Claudia Procula – die Frau des Pilatus

EnsembleTheatrum zu Gast in der Wiedenbrücker Kreuzkirche

Friederike von Krosigk (l.), Hannah Vongries (im Hintergrund), Hubertus von Krosigk und Thomas Zieler vom EnsembleTheatrum inszenierten mit prägnanten, aber zurückgenommenen Mitteln dichte Szenen und Bilder. Foto: CG

WIEDENBRÜCK – Es war ein sehr eindringliches Passionsgeschehen, das Friederike von Krosigk, Hannah Vongries, Hubertus von Krosigk und Thomas Zieler vom EnsembleTheatrum in der Wiedenbrücker Kreuzkirche in 14 Szenen und Bilder setzten. Etliche Passagen aus der Passionsgeschichte, verwoben mit Lyrik von Rainer Maria Rilke, mehrstimmigem A-capella-Gesang, beeindruckenden Bühnenbildern und effektvoller Lichttechnik, schafften die vier Protagonisten eine teils atemberaubende Dichte.

Das künstlerische Zuhause dieser kreativen Theatertruppe ist das Schloss Hohenerxleben im sächsisch-anhaltinischen Straßfurt, südlich von Magdeburg. Dort ist auch dieses beeindruckende Gesamtkunstwerk „Claudia Procula“ entstanden. Verwirrend und damit für neue Sehweisen aufgebrochen die scheinbar bekannte Geschichte der Passion Jesu: Aus dem Blickwinkel der Ehefrau des Statthalters von Jerusalem, Pontius Pilatus, der Seherin Claudia Procula. Schon das erste Bild entführt in den Tempel der Isis, deren Priesterin Claudia mit Rat zur Seite steht. Bei einem anderen Tempel-Besuch trifft Claudia auf einen Juden namens Jeschua. Eine sehr bewegende Begegnung, die Claudia bis in ihre Träume verfolgen sollte.
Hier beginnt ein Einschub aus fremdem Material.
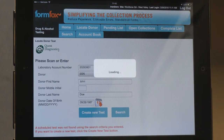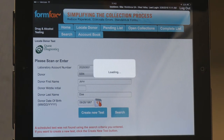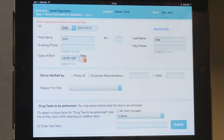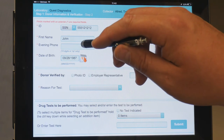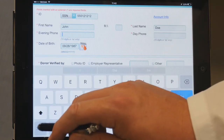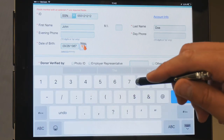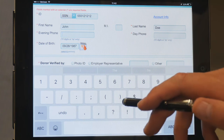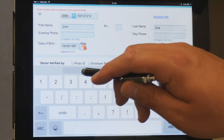On the next screen, verify the donor information, filling out all of the required fields. If the donor cannot provide a phone number for either the evening phone number or daytime phone, enter NP.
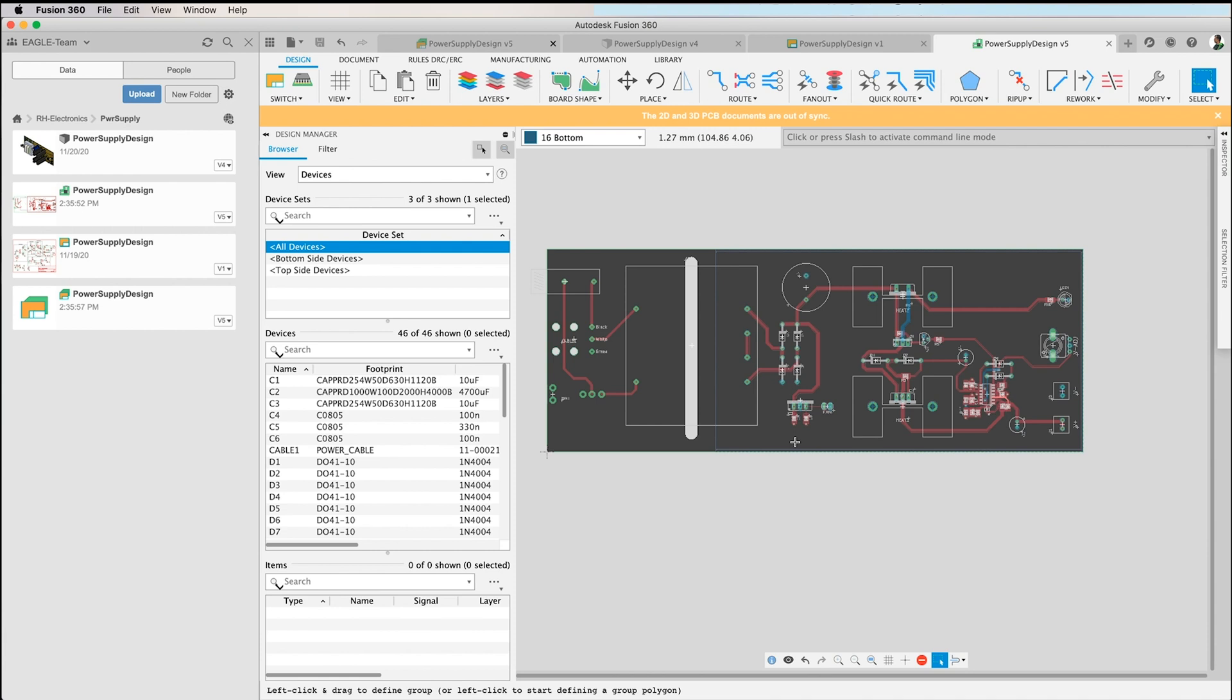Welcome to a new video in Fusion Dive-In. Today I want to show you how to create a panel of several boards. Sometimes the board manufacturer prefers to have a number of especially smaller panels in one file so it's easier to handle.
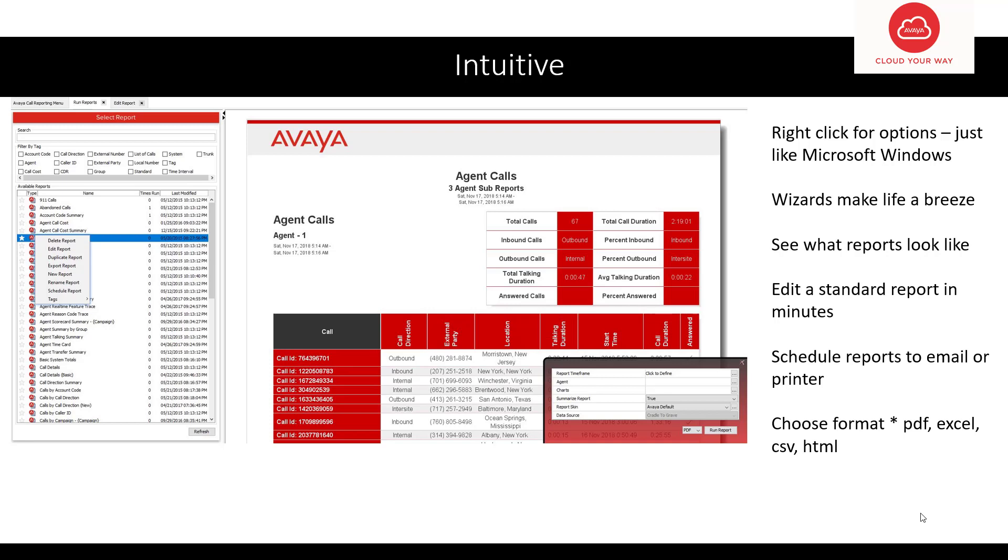You can schedule reports. You can choose any number of formats from PDF, Excel, CSV, etc.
Nach einer Passage aus Rilkes „Christus Vision“ und einer Erzählung der Hauptakteurin von einem „Traum, der alles überstieg“, kommt es zur bekannten Verurteilungsszene Jesu vor Pilatus. Jeschua vergibt seinem Richter, Pilatus ist zerrissen und wütet über diese unverständlichen Juden. Im achten Bild erkennt Claudia, dass ihr Traum bereits wahr wird und schreibt Pilatus einen warnenden Brief, den dieser verwirft. „Wir sehen die Anderen nie so, wie sie wirklich sind“, quält sich der Statthalter mit dem Prozess und versucht sich gleichzeitig zu besänftigen, indem er „nur einen Gefangenen sieht, den er verurteilen sollte.“ Jeschua spricht davon, dass sein Reich nicht von dieser Welt sei und dass er von der Wahrheit predige.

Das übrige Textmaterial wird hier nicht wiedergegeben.